UPDATE: Charges Won’t be Laid Related To Gorilla Shot And Killed At Cincinnati Zoo

Four year old boy had fallen into enclosure

Monday – Charges will not be laid against the mother of the three year old boy who fell into a gorilla enclosure at the Cincinnati Zoo. An Ohio prosecutor says the case did not come close to warranting a charge of child endangerment or anything else, and he defended the mother as an attentive parent undeserving of the abuse and threats she has received. He said she had three other children with her and had turned away for a few seconds to attend to one; that’s when the three year old scampered off.

Wednesday – Police in Cincinnati have become involved after a gorilla at the Cincinnati Zoo was shot dead after dragging around a 3-year old boy who had fallen into its enclosure. Police investigating the actions of the boy’s family leading up to him climbing through a barrier before his fall.

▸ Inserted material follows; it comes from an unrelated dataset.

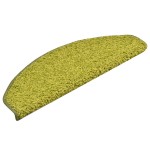 vidaXL Covorașe pentru trepte scară, 15 buc., verde, 65 x 21 x 4 cm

Tuesday – The director of the Cincinnati Zoo has defended the decision to kill a 17 year old gorilla to protect a 3-year old boy who had fallen into the enclosure. Thane Maynard says it’s easy to second guess after the child was recovered safely. He maintains the gorilla was agitated and disoriented by the commotion in the minutes after the boy had fallen in. “We stand by our decision,” he said Monday, reiterating that using a tranquilizer on the 420-pound gorilla could have further threatened the boy because it wouldn’t have taken effect immediately.

Monday – Zoo officials say it was a tough, but necessary choice. Others are not sure sure it was necessary to shoot and kill a 17 year old gorilla at The Cincinnati Zoo after a 3-year old boy fell into its enclosure. Video shows the gorilla dragging the boy around, but onlookers say it did not appear to be hurting the boy. In fact, they say it may have been protecting the child. More than 2,000 people have signed a petition criticizing the Cincinnati Police Department and the zoo for putting down the animal. They have also called for the child’s parents to be held accountable for not supervising their child. The animal, named Harambe, was a Western lowland gorilla, an endangered species. The zoo said it had intended to use him for breeding.